ES: You said before that you think Obama has a different vision for America. Do you think he has deliberately bad intentions for the country? Do you think his intention is to spiral things downward?
DD: No. I think he thinks what he’s doing is good for America and good for the world. I want to emphasize that, and I emphasize it repeatedly in my writings. He thinks what he’s doing is good for America, but it so happens that what he thinks is good for America does not square with what most Ame- – even most democrats! – think is good for America. That’s why he has to camouflage his intentions because if he were to say, “look, I think it would be good for America not to be number 1. I wouldn’t mind if we were number 18 or number 35 in the world. Again, not because I hate America but because I just don’t see why a country with 5% of the world’s population deserves to have 25% of the world’s energy; eat 20% of the world’s food; have all this influence they can throw around in the world. What gives us the right to have all that? We don’t. So in the name of global fairness we need to cut ourselves down to size a little bit and that’d be a good thing for us and the world.” Now, if he said that even most democrats wouldn’t support him, so he can’t say it.
ES: Is there anything that President Obama has done during his time as president that you have supported or approved?
DD: Well I think that, this is not his intention, but I do think that he has helped race relations in this country. He’s helped race relations in part because he’s not a Jesse Jackson, he’s not an Al Sharpton, he doesn’t play the race card; he’s not a shake down man. And I think Americans, white Americans, are very relieved to have an African American who doesn’t do that. So, I think that Obama has been good for race relations.
The bad news is, people are so happy to have an African American president like Obama that they have become a little blind and uncritical to who he is and what his policies are.
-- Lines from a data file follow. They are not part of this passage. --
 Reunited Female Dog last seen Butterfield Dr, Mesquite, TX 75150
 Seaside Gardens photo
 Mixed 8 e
Obama can get away with a lot of stuff, because people feel such a sense of almost moral accomplishment in voting for him.
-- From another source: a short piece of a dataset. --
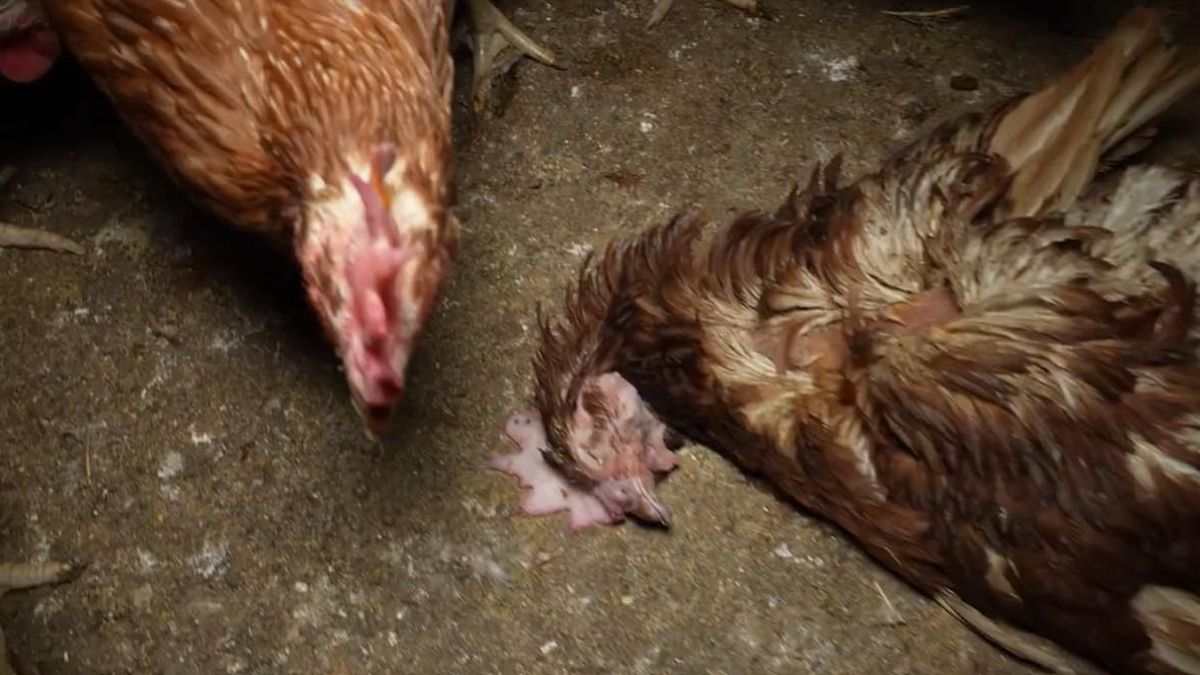 Un cadáver de una gallina muerta al lado de otra viva.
ES: You have said that the, “Cultural left in this country is responsible for causing 9/11.” How would things be different if our media were perceived to be slanted more towards the right? Would a terrorist attack like 9/11 have been avoided? Could we be avoiding situations like what is happening right now in the Middle East?
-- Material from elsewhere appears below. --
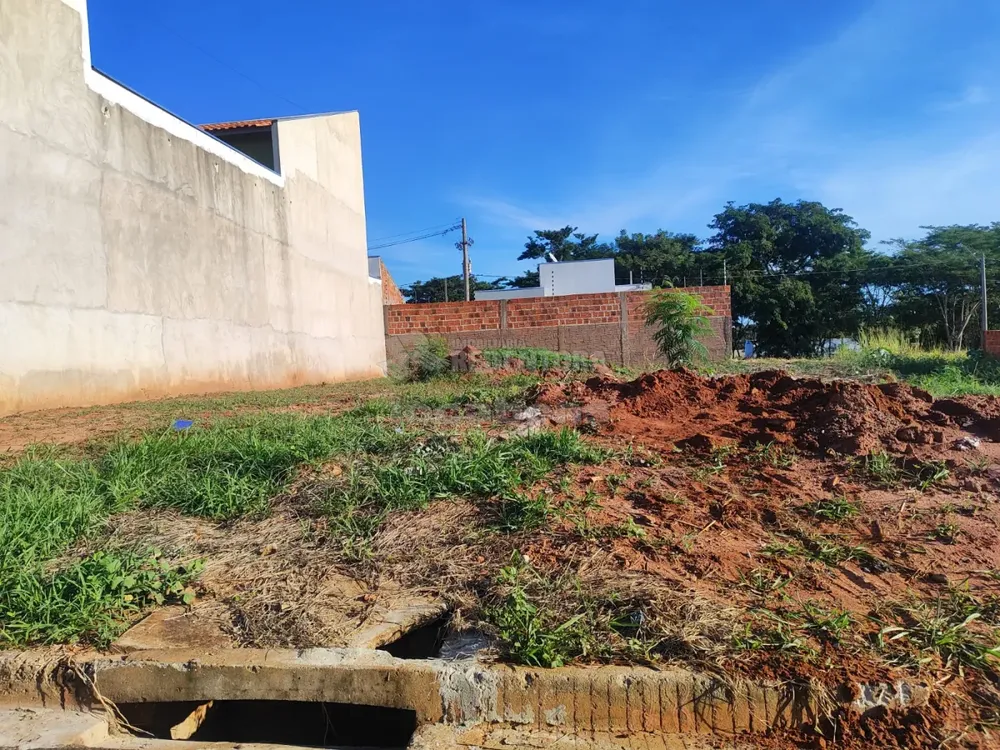 Terreno, 245 m² - Foto 6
DD: You have to understand what America’s image is in the rest of the world. America’s image in the 1950s and 60s was the image of a society that combined prosperity with social decency. That’s the image of the Hollywood movies of the 50s, the Westerns, the war movies, I Love Lucy, and so on; that was America’s reputation in the world. The problem today is that America’s reputation in the world is defined largely by Hollywood and so what happens is in many countries, this is not just the Muslim world, people look at American culture and they go: “look at these shameless people. Is this how they live? Is this how they use their prosperity?” What I’m saying is, my 75-year-old Mom is appalled by this in Mumbai but she’s not a suicide bomber. She just looks at it and goes, “ugh this is terrible I’ve got to turn the TV off.” But in the Muslim world, the radical Muslims see all this and they’re able to say to the ordinary man in the street: “Hey look at America it’s the great Satan. These are the kinds of values that they represent and they’re trying to impose their values on us. We’ve got to fight back.” And so in other words, the projection of the values of the cultural left abroad has become a great recruiting tool for radical Islam.
ES: Which types of films and TV shows are furthering this projection?
DD: All of them. Well I don’t mean all of them, I just mean when you collectively look at American popular culture as projected abroad, it is totally out of step with the traditional values with which most of the world lives. And so that’s what it is. It’s not a particular thing, it’s the combination of vulgarity, and promiscuity, and triviality, and the killing off of real feelings, and the sort of shamelessness. This is how most of the world responds to American culture, even while being intrigued by it … one of the big phrases in most of the world today is, “modernization yes; Westernization no.” And part of the reason is the desire to say, “yea we want prosperity and we want cell pones, and we want the internet, but we don’t necessarily want all the aspects of Western culture that we see out there.” Now, I go out of my way to say, this is not a correct description of American culture. I mean there’s a culture in the South, and Midwest and even on the coasts that is frugal, self disciplined, and very admirable. But that’s not the culture most people see.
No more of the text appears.